Можно увидеть, что игра может быть ритуалом воссоединения, необходимым для всякого революционного действия. Задача игры — связать элементы в одну систему. Такие элементы, которые могут показаться на первый взгляд не имеющими ничего общего, но все же... В игре сильнее хаос творимого, который затем на некоторое время исчезает или маскируется, ибо свою первоначальную функцию выполнил, собрал будущие игровые элементы воедино. И даже если некоторые из них впоследствии выпадут, то память о них, если необходимо, останется. Так стоит рассматривать «банкет» у Пикассо в честь Таможенника Руссо или раскраску лиц у русских футуристов, вечера в кабаре «Вольтер» в Цюрихе у дадаистов или вечеринки у нью-йоркских битников и т. п. С игры может начаться выставка или выступление против выставки. Названия выставок «Бубновый валет» и «Ослиный хвост» в Москве уже заведомо, даже без знакомства с ними, будоражили публику (да и самих художников, кстати говоря). А вот Йозеф Бойс, протестуя против коммерциализации искусства, завалил специально привезенными гранитными блоками вход в здание кассельского выставочного зала, где проходила очередная «Документа».

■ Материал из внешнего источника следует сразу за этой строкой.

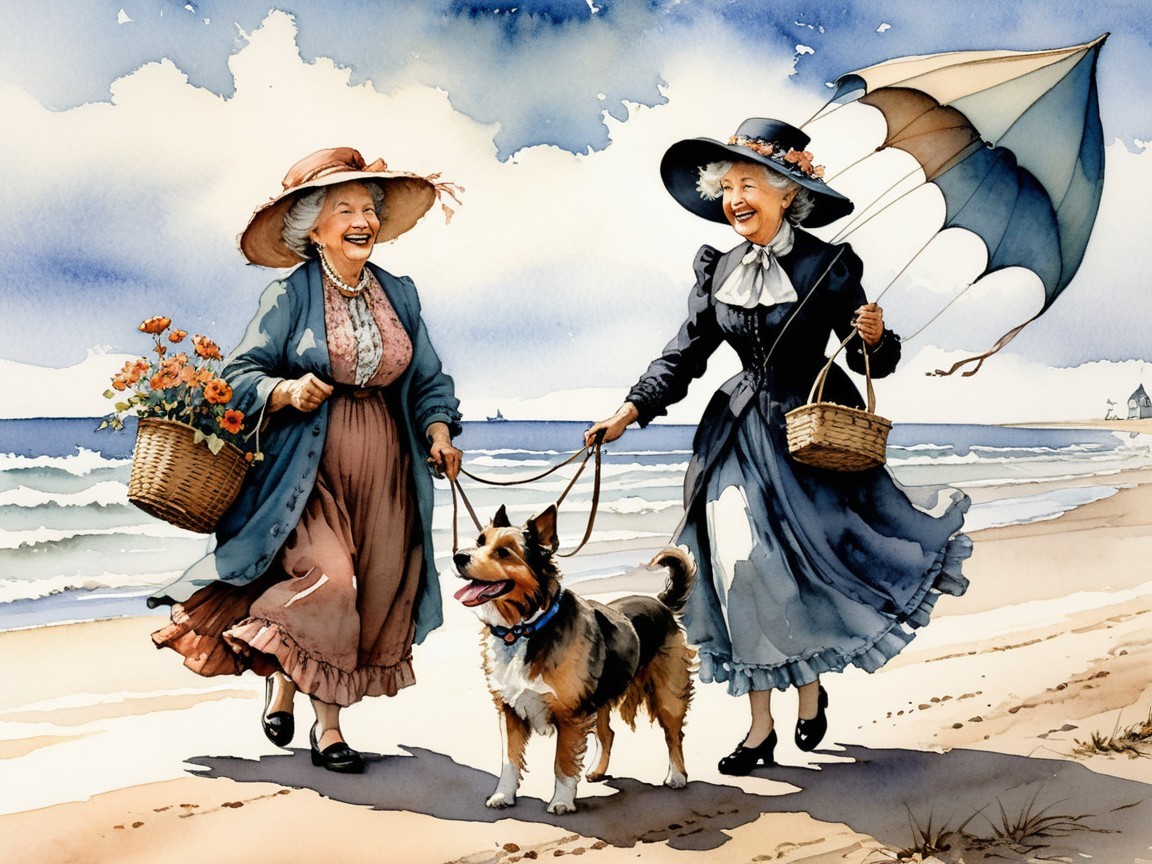 Elderly Women in Vintage Attire Strolling on Beach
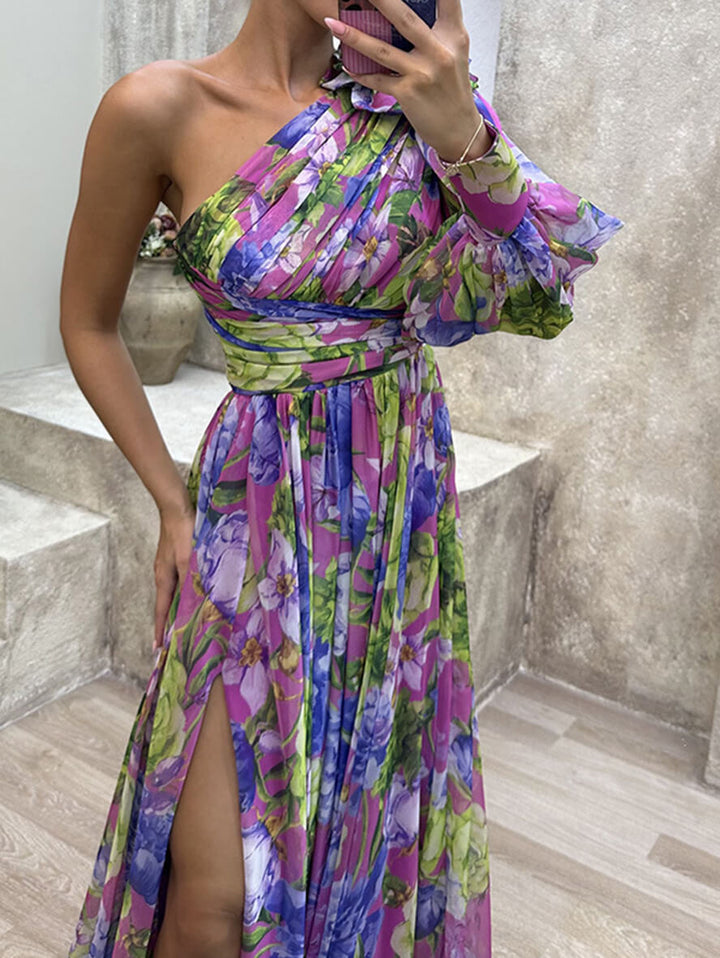 Violetta | Floral One Shoulder Dress Maxi with Split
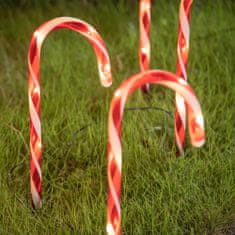 OUTSUNNY Niz božičnih luči z 10 sladkornimi palicami, božična dekoracija s sončno ploščo, Dolžina 516 cm
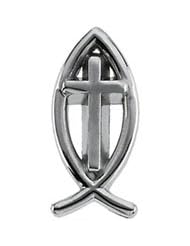 14K White Gold 13.75X06.25 mm Fish W/Cross Lapel Pin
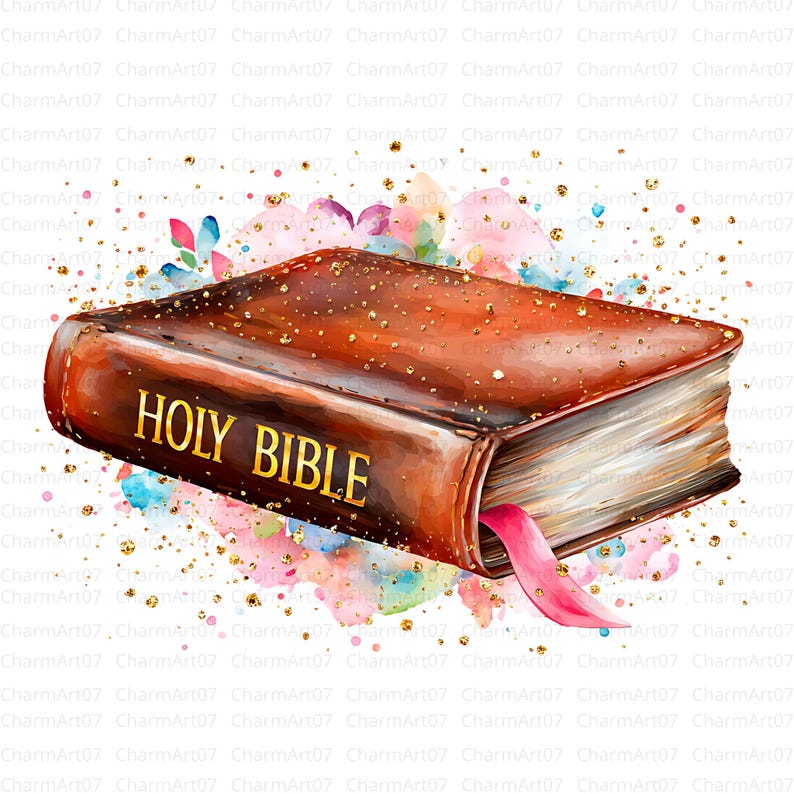 May include: A watercolour illustration of a brown leather-bound Holy Bible with gold lettering. A pink ribbon marks a page. The background features watercolour splashes in pink, blue, and gold.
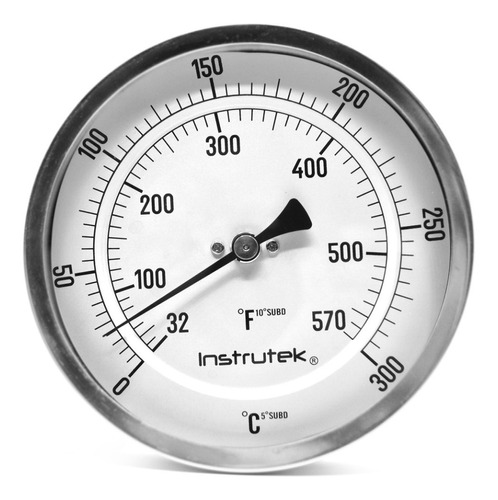 [601100600300] Termómetro 6 pulgadas, posterior, 1/2" NPT, vástago 6", rango 0 a 300 C-F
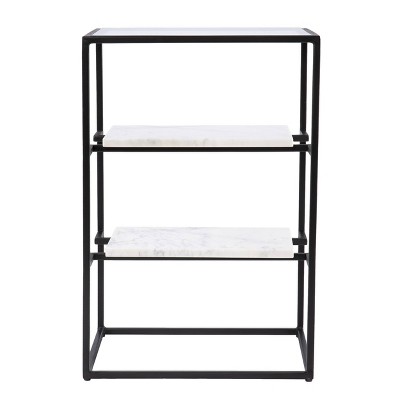 Ghullrio Glass Top End Table with Storage Black/White - Aiden Lane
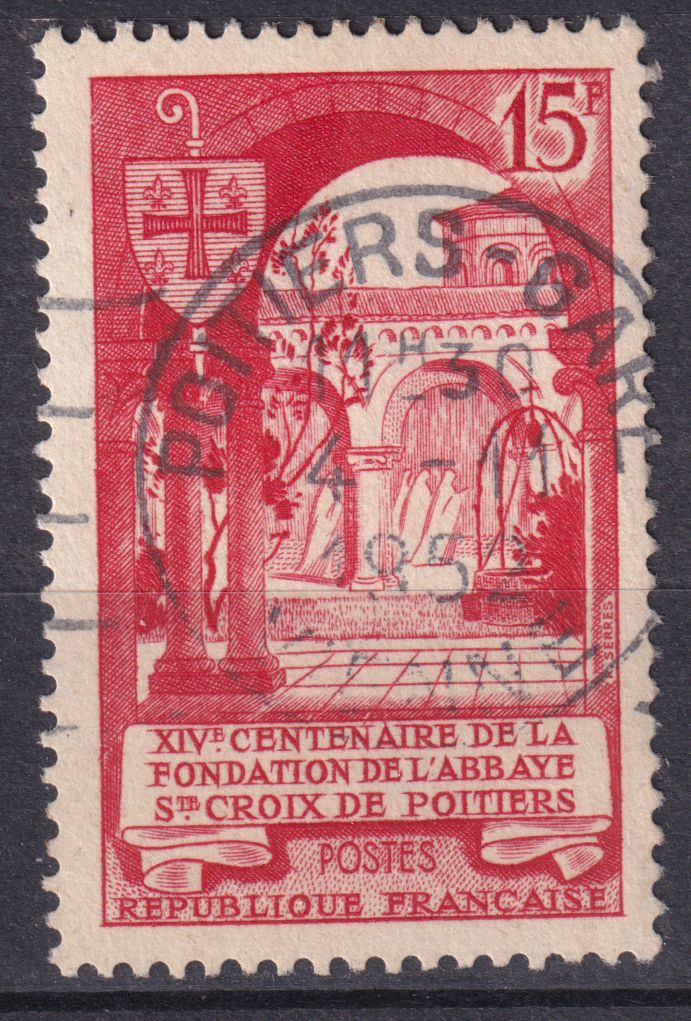 Timbre France n° 926 obl abbaye Sainte-Croix de Poitiers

Все определения дадаизма в устах самих дадаистов имели преднамеренно эпатирующее, интригующее и абсурдное начало: «дада — это Ничто, Пустота, Дыра, танец импотентов на лбу мира», «есть то, чего не знает никто: это дадаизм самого дада». Вход на известную кёльнскую выставку дадаистов 1920 года вел через мужскую уборную, где посетителей встречала голая девка, которая несла всякую похабщину. Сюрреалисты могли, чтобы привлечь публику, объявить, что будет выступать Чарли Чаплин. Сражение дадаистов с сюрреалистами в Париже шло помимо текстов через различные «балы», вечера и различные манифестации. Джим Дайн в начале 1960-х шел по Нью-Йорку с пластиковым, ярком раскрашенным муляжом огромного сандвича. У него спрашивали: «Это искусство?» «Нет, это — еда!» — отвечал он. Другие интересовались: «Это еда?» — «Нет, это искусство!» Таким образом, мастер американского поп-арта демонстрировал определенную эстетическую позицию: его произведение находится «между» жизнью и искусством (позиция эта была характерна для всего поп-арта). Поиск такого «между» может быть крайне разнообразен. Работа Комара и Меламида со слоном, который расписывает под их присмотром холсты, фиксируется на видеокассету, которая затем продается вместе с «оригиналом». И они не одиноки, ведь многие авангардные акции проходят в зоопарках. В начале своей московской деятельности Илья Глазунов стремился вокруг своих выставок создать атмосферу полузапрещенных, чтобы она работала на его «имидж» независимого мастера. Все это действия, действия, игра как игра...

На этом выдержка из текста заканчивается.